Quanto alla produttività, fra il 1985 ed il 1995 essa è cresciuta di poco più del 2% all’anno, mentre il tasso del periodo 1950-1973 si attestava al 4%. Né vale il richiamarsi ad una presunta differenza fra gli indicatori europei e quelli nordamericani, giacché l’analisi scomposta dei dati USA dimostra invece che questi ultimi anni per i lavoratori americani hanno rappresentato una forte contrazione del loro potere d’acquisto, al punto tale che solo fra quindici anni circa potranno pensare di poter ritornare ai livelli degli anni Settanta, mentre nel contempo sono aumentate le persone che vivono al disotto della soglia della povertà, anche fra coloro che hanno un lavoro più o meno regolare. Più in generale, gli studi del Bureau international du travail (Bit) dimostrano che su tre miliardi di individui che al mondo si possono considerare appartenenti alla forza lavoro, circa un miliardo sia disoccupato o sotto – occupato.
Da qui discendono almeno due evidenti conseguenze: la prima è che dall’insieme di decisioni che presiedettero alla nascita del processo di globalizzazione sono derivati degli effetti perversi che forse non erano nelle intenzioni dei promotori. La seconda è che nulla autorizza a pensare che gli automatismi del processo di globalizzazione, se lasciati a se stessi, riescano ad annullare o minimizzare i citati effetti.

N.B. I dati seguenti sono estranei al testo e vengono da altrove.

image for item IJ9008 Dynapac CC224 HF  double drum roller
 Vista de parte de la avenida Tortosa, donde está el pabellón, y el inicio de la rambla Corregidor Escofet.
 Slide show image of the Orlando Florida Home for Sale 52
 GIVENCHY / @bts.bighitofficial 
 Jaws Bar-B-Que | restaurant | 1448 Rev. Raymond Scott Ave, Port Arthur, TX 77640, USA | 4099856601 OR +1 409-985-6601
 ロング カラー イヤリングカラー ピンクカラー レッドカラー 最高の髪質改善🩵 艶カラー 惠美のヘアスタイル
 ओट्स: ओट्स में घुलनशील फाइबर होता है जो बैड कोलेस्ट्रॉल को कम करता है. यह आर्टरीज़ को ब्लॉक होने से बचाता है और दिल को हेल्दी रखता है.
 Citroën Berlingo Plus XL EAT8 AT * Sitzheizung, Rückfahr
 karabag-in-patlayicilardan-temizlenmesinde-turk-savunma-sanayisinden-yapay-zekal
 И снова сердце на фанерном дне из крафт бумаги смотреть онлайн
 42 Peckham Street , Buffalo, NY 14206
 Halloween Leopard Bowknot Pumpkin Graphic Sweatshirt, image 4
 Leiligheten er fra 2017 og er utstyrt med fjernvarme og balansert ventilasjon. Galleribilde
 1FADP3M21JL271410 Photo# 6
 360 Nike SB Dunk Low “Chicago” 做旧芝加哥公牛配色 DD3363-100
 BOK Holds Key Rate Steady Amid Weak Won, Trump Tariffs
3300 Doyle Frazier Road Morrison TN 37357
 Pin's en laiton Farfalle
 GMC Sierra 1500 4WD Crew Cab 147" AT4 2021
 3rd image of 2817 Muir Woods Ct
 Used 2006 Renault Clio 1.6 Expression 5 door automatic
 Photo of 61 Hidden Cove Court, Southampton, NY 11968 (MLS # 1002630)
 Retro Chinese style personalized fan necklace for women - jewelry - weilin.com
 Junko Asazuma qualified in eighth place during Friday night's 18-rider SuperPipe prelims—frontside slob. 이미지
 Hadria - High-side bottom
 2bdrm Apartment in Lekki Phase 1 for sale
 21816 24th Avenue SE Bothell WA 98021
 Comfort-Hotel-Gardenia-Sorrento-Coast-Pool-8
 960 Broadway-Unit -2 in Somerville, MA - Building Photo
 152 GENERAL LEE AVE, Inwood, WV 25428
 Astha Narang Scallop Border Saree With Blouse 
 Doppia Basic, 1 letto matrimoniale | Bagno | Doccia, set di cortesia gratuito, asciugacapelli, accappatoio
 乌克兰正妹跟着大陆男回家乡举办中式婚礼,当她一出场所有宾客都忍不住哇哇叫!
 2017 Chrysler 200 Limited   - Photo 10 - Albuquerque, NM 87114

Di ciò ha preso atto con difficoltà l’Onu, che fin dalla metà degli anni Novanta ha messo in piedi una Commission on global governance (Cgg), finalizzata alla creazione di regole per la globalizzazione basate su accordi reticolari fra una o più parti per il controllo sui flussi economici mondiali, e, come rileva la stessa Cgg nel suo rapporto del 1995, coinvolgendo non solo gli Stati ma anche le organizzazioni non governative. Nel testo si proponeva anche la costituzione di un Consiglio per la sicurezza economica con funzioni di monitoraggio della situazione economica globale e l’assunzione di leadership in ordine alla promozione del consenso sulle grandi scelte di politica economica internazionale.
Ma basta tutto questo? Evidentemente no, anche perché non pare che da parte della superpotenza americana vi sia la volontà di permettere alla Cgg di svolgere il suo compito né più né meno di quanto consentono di fare all’Onu nel suo complesso, almeno quando esso non si piega a fare da cassa di risonanza degli interessi americani. Una difficoltà ulteriore viene dall’incapacità stessa della Cgg di indicare obiettivi concreti, al di là di vaghi riferimenti alla Tobin Tax, che vadano oltre la tematica di un «coinvolgimento della società civile» espressa in termini vaghi e, forse, poco convinti.
Gallino non si tira indietro ed indica lui alcune tematiche irrinunciabili per una global governance degna di questo nome, e che ci limitiamo ad indicare per titoli: riduzione dello squilibrio fra economia finanziaria ed economia reale; riduzione delle disuguaglianze internazionali e nazionali; assicurazione di una reale concorrenza tra le imprese (che anche i campioni del libero mercato cercano di soffocare in ogni modo: si vedano le vicende di Mediaset in Italia e di Enron negli States); miglioramento dei contenuti qualitativi dello sviluppo economico; promozione dello sviluppo locale. Ognuno di questi temi, va da sé, meriterebbe un’ampia trattazione a parte, ma il riferimento è significativo per far capire che nel libro che stiamo considerando vi è un solido fondo di realtà.
Tre questioni finali
A questo punto non ci si può esimere dal porsi alcune questioni pesanti come macigni.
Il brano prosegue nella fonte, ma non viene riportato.